*** Opening Information shown ***

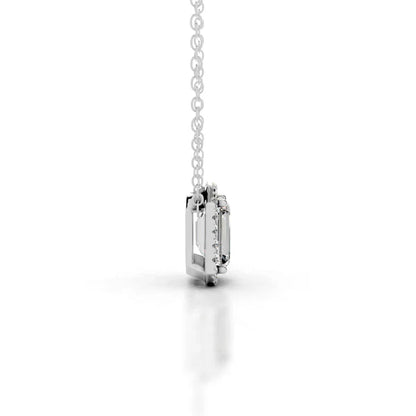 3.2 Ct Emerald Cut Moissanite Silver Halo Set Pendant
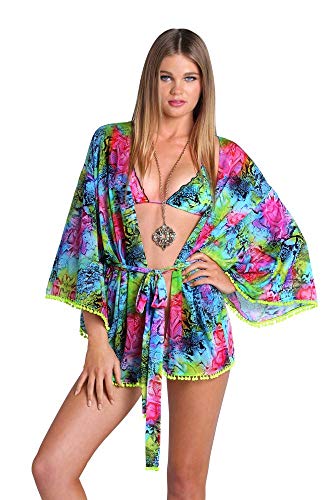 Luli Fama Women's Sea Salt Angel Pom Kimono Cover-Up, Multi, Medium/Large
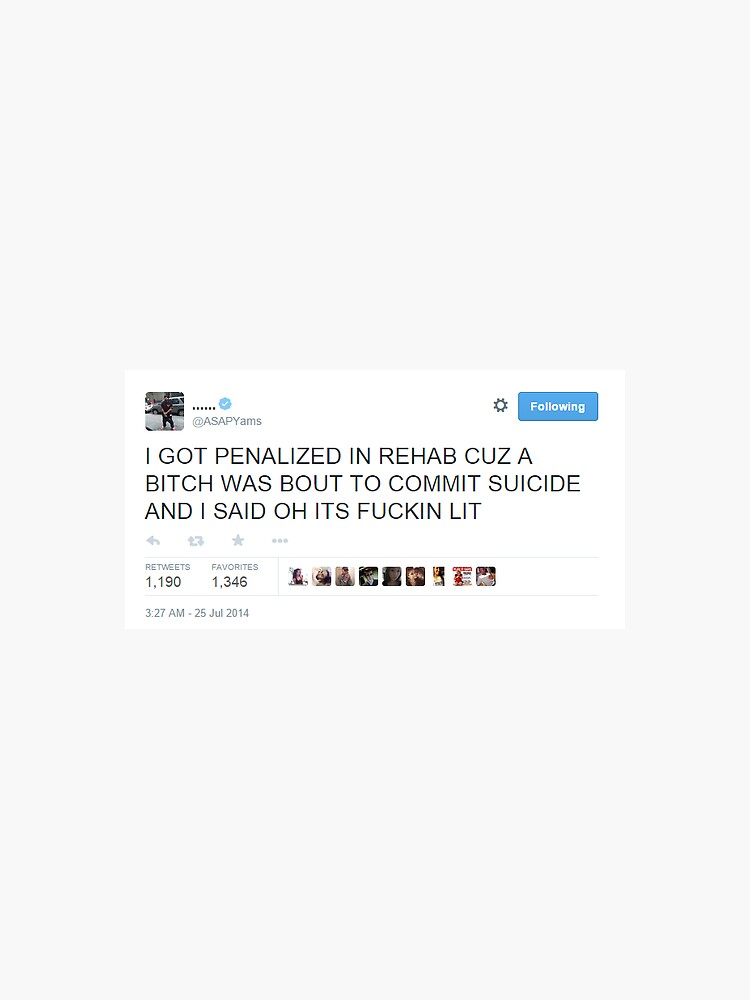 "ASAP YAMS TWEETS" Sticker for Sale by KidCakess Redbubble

*** Closing Information shown ***
*** Opening Information shown ***

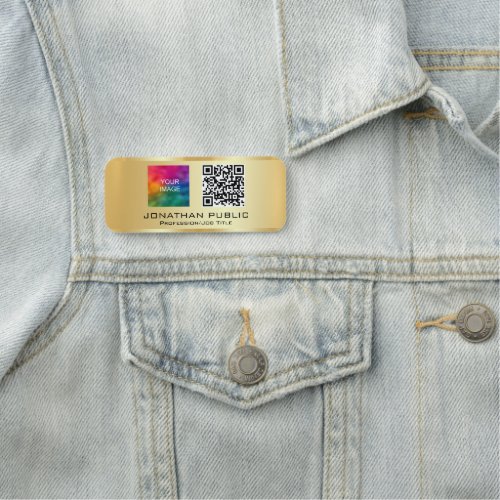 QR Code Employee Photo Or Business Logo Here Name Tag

*** Closing Information shown ***

== Exercise ==
All that is wanted is the lines above between the one containing "Luli Fama Women's" and the one containing "by KidCakess Redbubble", inclusive, restated word for word, with pictures omitted.

== Written response ==
 Luli Fama Women's Sea Salt Angel Pom Kimono Cover-Up, Multi, Medium/Large
 "ASAP YAMS TWEETS" Sticker for Sale by KidCakess Redbubble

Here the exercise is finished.